Jakarta (ANTARA) - Peneliti Badan Riset dan Inovasi Nasional (BRIN) Muhammad Reza Cordova mengatakan penanganan dan pengelolaan sampah agar tidak berakhir ke perairan penting dilakukan, mengingat kerugian yang disebabkan tidak hanya kepada lingkungan tapi juga sektor ekonomi.
"Kalau kita lihat dari sisi ekonomi paling tidak Indonesia mengalami kerugian secara ekonomi range atasnya sekitar Rp250 triliun, kerugian yang terjadi akibat sampah plastik yang masuk lingkungan laut," ujar Reza dalam diskusi di Jakarta, Selasa.

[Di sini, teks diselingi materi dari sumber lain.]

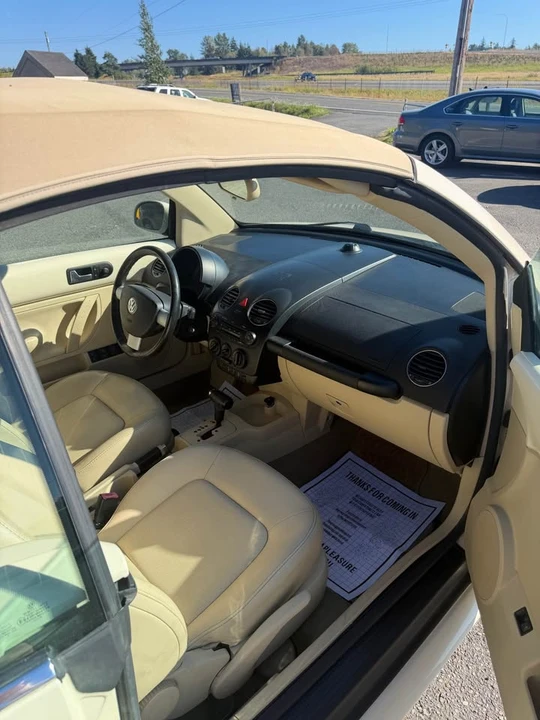 2008 Volkswagen New Beetle - Image 11 of 12
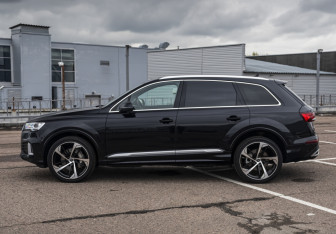 Подержанный автомобиль Audi Q7 2021 года (9 фото)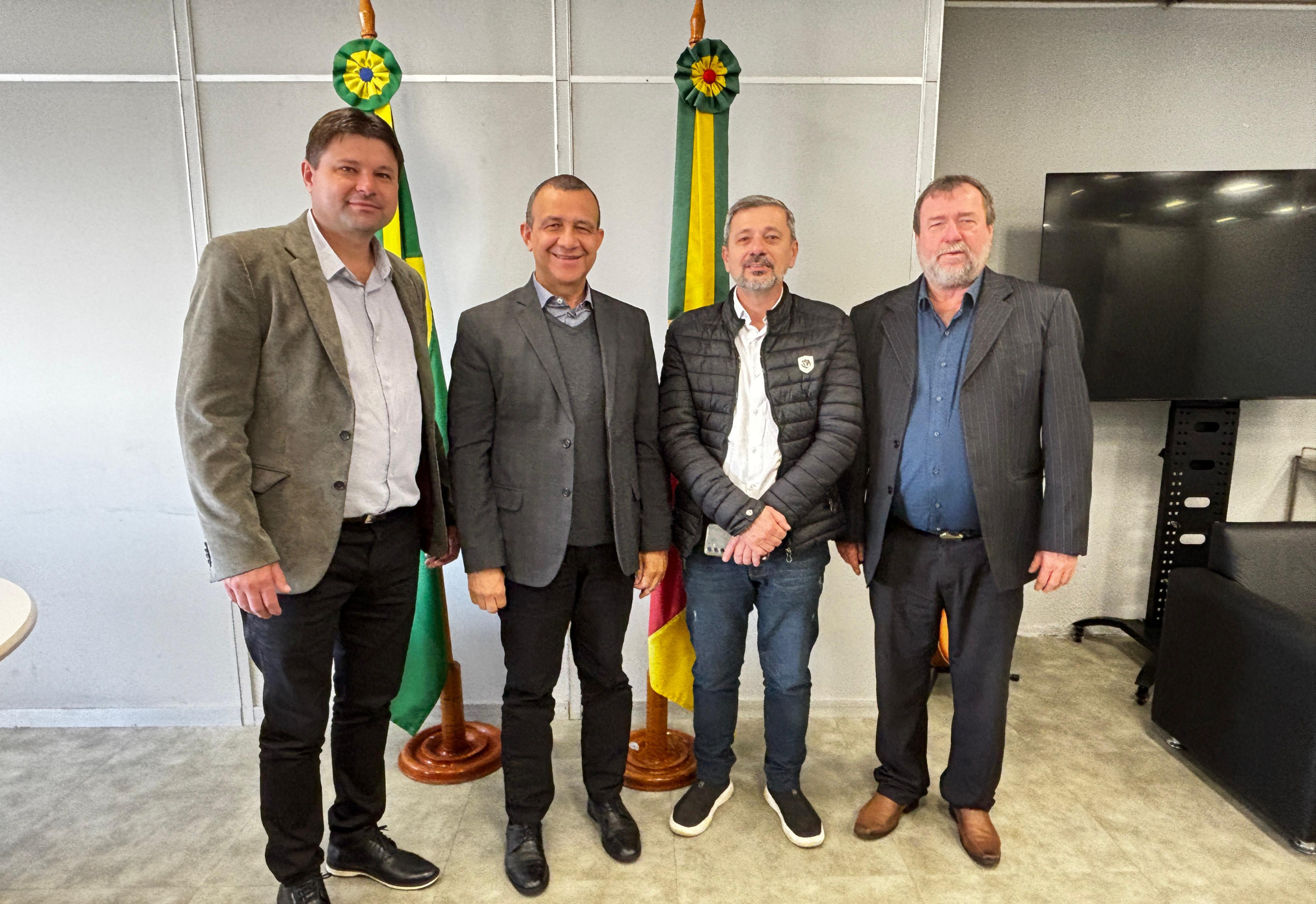 REUNIÃO NA SECRETARIA ESTADUAL DE HABITAÇÃO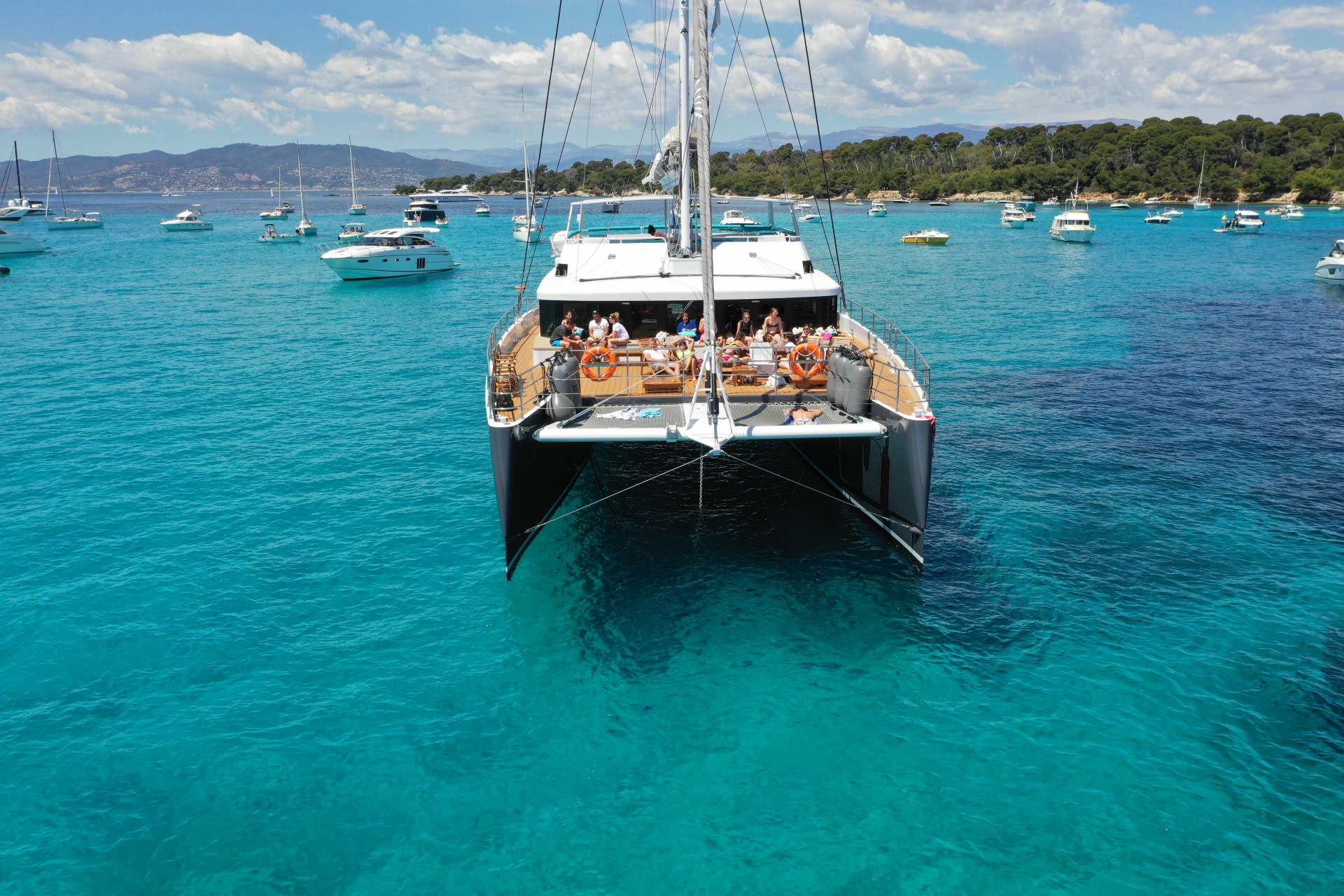 Yacht, Catamaran, Sailboat Rental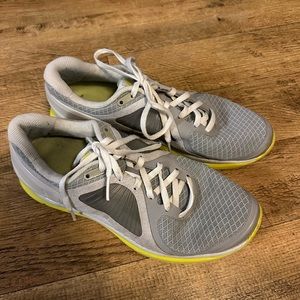 Women’s Nike Lunar Eclipse Flywire sneakers- gray and yellow- size 8.5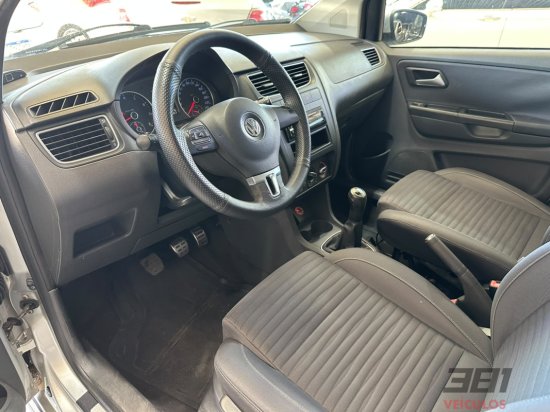 vw-crossfox-1-6-flex-2011-54288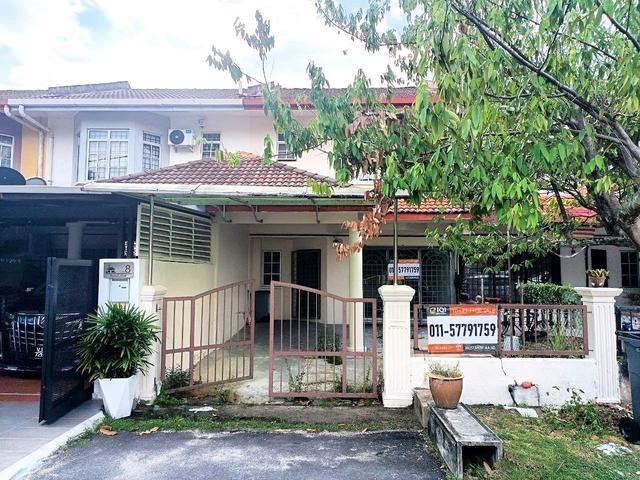 Terraced House for sale in Malaka
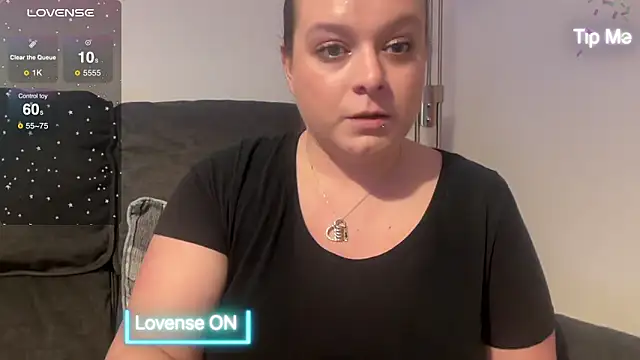 NaughtyWifeUK online show from 12-30-24, 10:34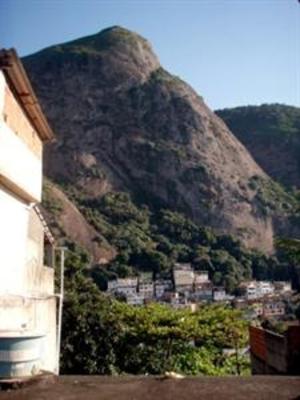 фото отеля Favela Vidigal Guesthouse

Peneliti di Pusat Riset Oseanografi BRIN tersebut menjelaskan estimasi kerugian maksimal tersebut baru mencakup tiga sektor yaitu maritim, kelautan, dan perikanan. Menurutnya, jumlah itu jauh lebih besar jika dibandingkan biaya yang harus dikeluarkan untuk melakukan pengelolaan sampah didukung dengan fasilitas yang mumpuni.
Untuk itu, lanjutnya, dimulai dengan mendukung kegiatan pemilahan sampah dari sumbernya, salah satunya sampah yang bersumber dari kegiatan rumah tangga, serta fasilitas penanganan di Tempat Pembuangan Akhir (TPA) termasuk yang mengolah sampah menjadi energi.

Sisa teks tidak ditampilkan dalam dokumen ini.